Post-nuptial Friendships

     I usually keep my blog out of personal issues. However, I have been hearing the same things from other married acquaintances. So, all my single friends, married friends in less than desired marriages, and all those in happy marriages,  hear me out. There is another side to everything. While you may think it does not matter, it does. Here are some myths I think women believe about their happily married friends. I know I thought most of them at one time.
 
   Myth #1
   I've not had an easy transition into married life. In the first six months I had two of my closest friends tell me our friendship had reached its logical end. Logical end= you got married and we did not. Therefore we have nothing in common. I did not change into "Nameless Wife Drone" the moment I said "I do". I still desire friendships. I have something new in my life that does not negate the other aspects of my personality.

    Myth #2
   Now you have "couples" as friends. Wrong again. Just because you are married to someone does not mean you will have anything in common with the spouses of his friends. Not that I would be opposed to it, it just does not happen overnight. I am still a person with likes and dislikes separate from his. We do not come as a packaged deal. It is also rough to be the only spouse in a group of friends who came from the "outside" world. We had very few mutual friends when we got together.

    Myth #3
    You have a spouse who loves you, you can not be lonely. 
    I have a wonderful spouse that is correct. However, I am not going to go shopping for shoes with him. I will not drag him to the nail salon with me. He also has an aversion to Harry Potter movies. It's the shallow little things that makes you feel isolated and lonely. Being married or in a serious relationship does not inhibit getting your feelings hurt either. I have been "uninvited" to things because I am not single. It still stings, marriage does not turn off your feelings. I remember watching this in my mother as a kid (hope she does not mind showing up in my writing!). I know I thought this of her. I had no idea how she could feel lonely with my dad around and her lovely well-behaved children at home. (Well, we were more like destructive monsters, but that is another story.) Sometimes just a cup of coffee with a friend means the world to someone.

    Myth #4
    You're married/in a committed relationship, so you don't understand.
    I've actually heard this line word for word. If I forgot how horrible and awkward dating is in three years time I need to be examined for dementia. My own current relationship had its low periods. I might not be there now, but I was there not too long ago. I remember the insecurity of being with someone new and the heartbreak of being dumped, cheated on, and harmed.

     Myth #5
    You're married, you're the one who does not have time for me.
     This one might have a grain of truth, but not to this extreme. I might not have the time to make three hour phone calls over some cute guy who looked at you in Kroger anymore. There is laundry to do, dinner to cook, and homework to be completed. I still have time for the big stuff. I do not care any less.
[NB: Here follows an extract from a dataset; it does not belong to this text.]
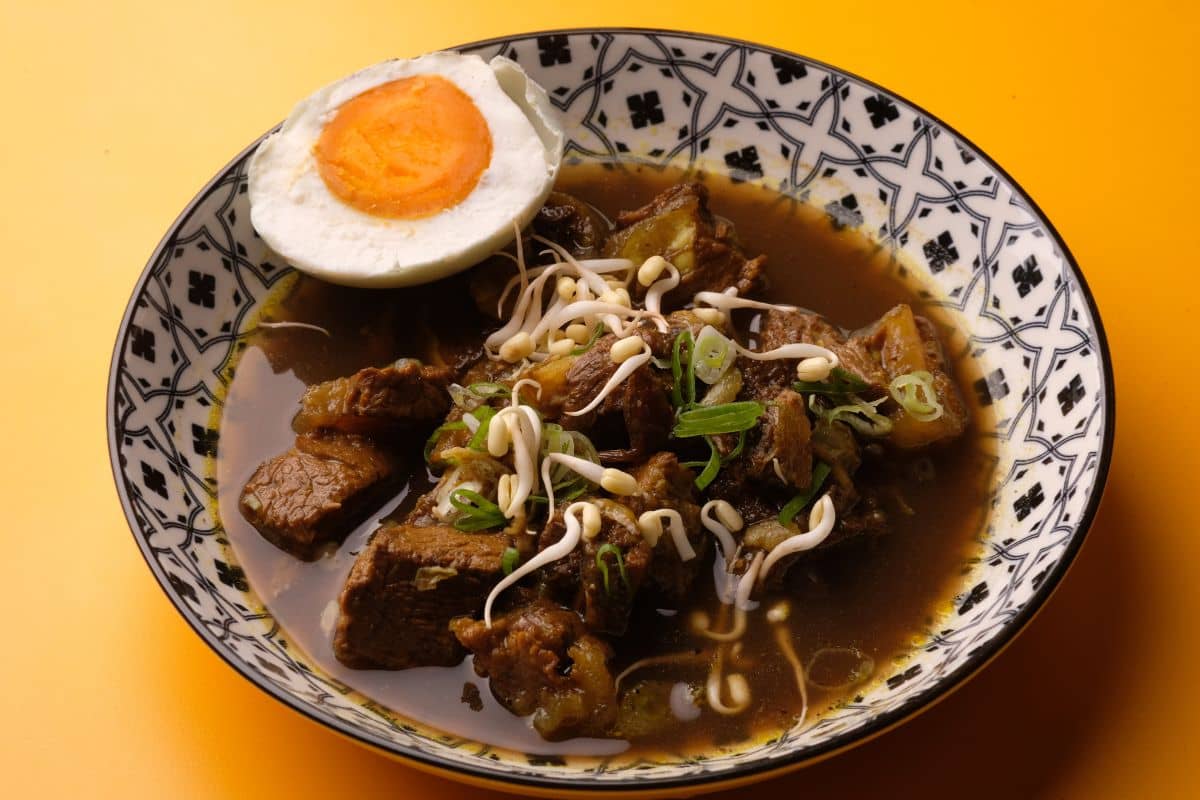 Semangkuk rawon dengan telur asin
     Most who know me know my love for feminism and gender theory. I think this is the one arena that still needs a lot of work. We women are constantly in competition with one another. There is still some pressure to find someone and settle down into marriage. When one of us does it changes the power structures between us in a way that our society deems superior/inferior. We see ourselves as only 1/2 of a whole. My husband pushes me, encourages me, and helps me to grow. However, I am still a whole person without him. We are two whole people traveling life together. I believe it is time to move past looking at marital status as an indicator of success.

    So to sum everything up, spend time with your married friends. Don't assume that they are not hurting and lonely even in a wonderful marriage. Also, I do not think there is anything wrong with needing friendships even when your marriage is good. If you find yourself in this same boat, know there are others like you out there! Maybe a few of us might find each other!